Alex and Mary Gaines awoke to much fanfare Saturday when community members showed up in droves, most in their cars, for a socially distanced celebration of the couple’s 75th wedding anniversary.
The milestone was marked by a front lawn decorated with congratulatory signs, balloons, and a parade of cars led by the City of Miami Police Department. A junkanoo band in bright, Bahamian-style costumes followed, lifting the spirits of everyone present with a dance and musical performance using drums, bells and trombones.
Representatives from District 3 County Commissioner Keon Hardemon’s office presented the Gaineses with a certificate on behalf of the commission and the mayor’s office, wishing them 75 more years of happiness.
They were left in tears and overjoyed by the community’s support of their union.
Alex, 94, who worked as an aircraft cleaner for Eastern Airlines at Miami International Airport for 37 years, was born in Tallahassee, Florida, in 1927.
He was raised on a farm by his great-grandmother, Sister Sally Carter, and a family of cotton growers that included his grandmother. Growing up, the family’s priority was simply surviving in the midst of segregation and other calamities that befell Black communities of the time. Alex kept that in mind after completing junior high school in Leon County.
A short distance away, there was Mary and her family.
Mary, 92, was one of 16 children, including 13 half-siblings on her father’s side. Her blind grandmother was their primary caretaker and took on the responsibility of raising five of them, including Mary.
The daughter of a preacher, Mary was raised in the church and has lived a life informed by prayer and service. She spent most of her adolescence babysitting young children in her Tallahassee community.
Alex’s family was no stranger to Mary’s.
At a young age, the two would frequent each other’s homes because their grandmothers were well-acquainted.
“My grandmother told me that I would marry her,” Alex recalled.
Alex and Mary became good friends who could rely on each other no matter what. The relationship continued to blossom until it was tested in 1946.

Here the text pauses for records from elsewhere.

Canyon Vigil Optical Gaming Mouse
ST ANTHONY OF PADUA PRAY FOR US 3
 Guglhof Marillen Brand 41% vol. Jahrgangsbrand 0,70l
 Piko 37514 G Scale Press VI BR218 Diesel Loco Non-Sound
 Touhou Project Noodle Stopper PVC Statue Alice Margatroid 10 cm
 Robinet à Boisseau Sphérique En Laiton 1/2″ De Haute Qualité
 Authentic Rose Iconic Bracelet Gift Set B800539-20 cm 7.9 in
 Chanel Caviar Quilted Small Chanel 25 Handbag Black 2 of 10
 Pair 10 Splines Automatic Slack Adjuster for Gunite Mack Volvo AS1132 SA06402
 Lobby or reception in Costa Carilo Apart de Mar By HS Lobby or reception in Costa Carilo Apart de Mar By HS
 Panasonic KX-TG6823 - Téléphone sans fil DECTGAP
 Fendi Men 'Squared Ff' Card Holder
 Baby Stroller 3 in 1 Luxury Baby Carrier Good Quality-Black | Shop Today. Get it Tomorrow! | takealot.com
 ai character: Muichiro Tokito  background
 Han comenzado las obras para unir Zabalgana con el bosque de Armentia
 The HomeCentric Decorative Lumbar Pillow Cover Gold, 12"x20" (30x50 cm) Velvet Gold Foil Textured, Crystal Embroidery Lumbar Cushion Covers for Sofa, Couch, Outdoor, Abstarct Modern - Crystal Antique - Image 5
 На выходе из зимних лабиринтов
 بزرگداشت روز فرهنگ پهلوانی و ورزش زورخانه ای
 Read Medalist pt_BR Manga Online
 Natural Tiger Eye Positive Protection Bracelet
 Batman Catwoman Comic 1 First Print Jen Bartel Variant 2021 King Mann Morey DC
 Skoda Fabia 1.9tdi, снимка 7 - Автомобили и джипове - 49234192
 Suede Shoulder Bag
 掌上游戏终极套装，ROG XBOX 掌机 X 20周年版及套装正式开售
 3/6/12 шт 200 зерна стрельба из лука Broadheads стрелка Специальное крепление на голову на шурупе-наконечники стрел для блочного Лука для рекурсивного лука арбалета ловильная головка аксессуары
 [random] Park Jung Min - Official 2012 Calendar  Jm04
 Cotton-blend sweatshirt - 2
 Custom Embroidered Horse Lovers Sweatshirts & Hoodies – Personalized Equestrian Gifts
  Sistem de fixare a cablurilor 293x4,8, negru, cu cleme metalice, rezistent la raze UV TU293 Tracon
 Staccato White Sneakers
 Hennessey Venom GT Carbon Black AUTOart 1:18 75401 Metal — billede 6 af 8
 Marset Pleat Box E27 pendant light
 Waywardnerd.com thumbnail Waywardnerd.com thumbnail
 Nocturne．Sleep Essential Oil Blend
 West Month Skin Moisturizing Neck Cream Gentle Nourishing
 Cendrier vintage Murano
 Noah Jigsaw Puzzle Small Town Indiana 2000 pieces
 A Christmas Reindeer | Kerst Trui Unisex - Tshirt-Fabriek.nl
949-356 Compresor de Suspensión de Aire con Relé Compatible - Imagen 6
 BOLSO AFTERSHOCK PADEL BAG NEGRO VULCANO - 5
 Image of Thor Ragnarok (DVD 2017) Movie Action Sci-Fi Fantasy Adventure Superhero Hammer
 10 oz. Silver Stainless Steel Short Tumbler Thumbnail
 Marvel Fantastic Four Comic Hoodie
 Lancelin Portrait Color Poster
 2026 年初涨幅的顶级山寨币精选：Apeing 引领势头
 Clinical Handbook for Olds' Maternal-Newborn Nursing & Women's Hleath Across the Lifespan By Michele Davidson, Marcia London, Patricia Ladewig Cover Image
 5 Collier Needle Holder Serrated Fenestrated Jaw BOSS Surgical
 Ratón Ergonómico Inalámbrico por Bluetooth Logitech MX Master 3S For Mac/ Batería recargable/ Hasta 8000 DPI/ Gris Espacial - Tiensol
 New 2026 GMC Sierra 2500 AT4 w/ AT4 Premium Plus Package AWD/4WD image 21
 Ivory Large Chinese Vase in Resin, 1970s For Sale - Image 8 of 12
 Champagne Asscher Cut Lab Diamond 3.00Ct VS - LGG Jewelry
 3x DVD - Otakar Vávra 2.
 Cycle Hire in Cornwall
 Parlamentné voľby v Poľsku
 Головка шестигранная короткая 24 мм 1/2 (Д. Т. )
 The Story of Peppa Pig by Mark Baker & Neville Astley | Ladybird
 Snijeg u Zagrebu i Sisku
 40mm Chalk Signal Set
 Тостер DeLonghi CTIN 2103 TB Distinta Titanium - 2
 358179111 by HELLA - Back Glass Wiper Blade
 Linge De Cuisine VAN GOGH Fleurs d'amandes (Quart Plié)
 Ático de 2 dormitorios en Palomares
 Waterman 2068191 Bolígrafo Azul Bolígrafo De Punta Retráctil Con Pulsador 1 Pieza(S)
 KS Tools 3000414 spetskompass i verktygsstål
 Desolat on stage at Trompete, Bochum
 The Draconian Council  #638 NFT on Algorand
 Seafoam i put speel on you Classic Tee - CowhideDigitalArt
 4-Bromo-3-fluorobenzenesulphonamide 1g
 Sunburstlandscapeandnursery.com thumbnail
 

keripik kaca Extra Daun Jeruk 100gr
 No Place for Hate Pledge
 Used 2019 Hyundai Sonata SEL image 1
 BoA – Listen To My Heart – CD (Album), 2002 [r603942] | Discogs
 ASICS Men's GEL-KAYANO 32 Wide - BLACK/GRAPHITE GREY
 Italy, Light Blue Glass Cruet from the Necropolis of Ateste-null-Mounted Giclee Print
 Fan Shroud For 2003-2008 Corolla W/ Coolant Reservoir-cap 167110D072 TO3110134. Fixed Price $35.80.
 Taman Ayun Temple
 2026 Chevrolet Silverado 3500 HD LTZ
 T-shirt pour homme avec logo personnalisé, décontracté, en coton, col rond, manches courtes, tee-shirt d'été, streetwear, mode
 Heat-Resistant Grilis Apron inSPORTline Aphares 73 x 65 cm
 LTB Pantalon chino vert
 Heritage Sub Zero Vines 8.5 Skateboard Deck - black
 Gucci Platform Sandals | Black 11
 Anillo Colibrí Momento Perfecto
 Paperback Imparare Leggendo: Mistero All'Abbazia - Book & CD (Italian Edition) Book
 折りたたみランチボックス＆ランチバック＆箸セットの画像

Alex made the decision to seek work elsewhere after realizing that not many financial opportunities existed for young Black men growing up in the area. He moved to Miami for a job and left Mary behind. Shortly after that, he made the decision to enlist in the U.S. Army.
A photo of his hometown sweetheart, however, ended up changing his life.
Sharing Mary’s picture with a few friends during a nostalgic moment, Alex was told by them in no uncertain terms to go back to Tallahassee and profess his love. He did, and rather than making plans to leave for boot camp, he instead began preparing a wedding.
Alex and Mary were married in Georgia and moved to Miami, where they remain to this day. Alex was 19 at the time; Mary, just 17.
The new Mrs. Gaines started work as a hairdresser, eventually specializing in wigs and glamorous hairstyles for women of color at the historical Seybold building for 28 years.
“A marriage takes two people, one can’t do it by themselves,” said Mary. “They have to work together to make it work.”
According to both, their faith is the glue that keeps them together.
The longtime members of Mt. Carmel Missionary Baptist Church in West Little River said their strong bond was developed because of values passed down from church. Alex was a singer in the choir; Mary an usher. They used their roles to spread messages of hope and to remind people of the importance of love, especially among married couples.
“If you love God first, you’ll be able to love one another,” said Alex, adding that he loves his wife more than he did in his teenage years. “What I value most about her is the way she loves and cares for me ... everything she cooks is the best meal I’ve ever had.”
For Mary, consistency, communication and affection are some of the most valuable things in a relationship. She said their marriage has survived for as long as it has because she learned to see the value in her partner, and both make sure to never let a day pass without resolving conflicts. Their love has served as an example and a goal for younger couples.
Granddaughter Quanisha Brice, a newlywed, says she’s fortunate to have them around to give her advice.
“Nowadays, it seems easier to be divorced because we go through so many obstacles,” said Brice. “We may not be as strong as our elders but they encourage us to keep fighting. Seeing the love and their strength inspires me to get through it.”
Brice planned her grandparents’ anniversary celebration to commemorate the impact their love has had not only on their family, but also in the community.
For years, the Gaineses opened up their hearts and home to people in their Liberty City neighborhood. The couple would cook meals, babysit, and buy and repair bikes for local children; fix neighbors’ broken furniture; and host prayer nights. Some of those same children, now in their late teens and early 20s, showed up on Saturday to thank the Alex and Mary for the contributions they’d made to their upbringing. It was another example of the influence of the couple’s love, life experience and wisdom on the people around them.
“I take all their advice,” said Brice. “They won’t ever steer me wrong.”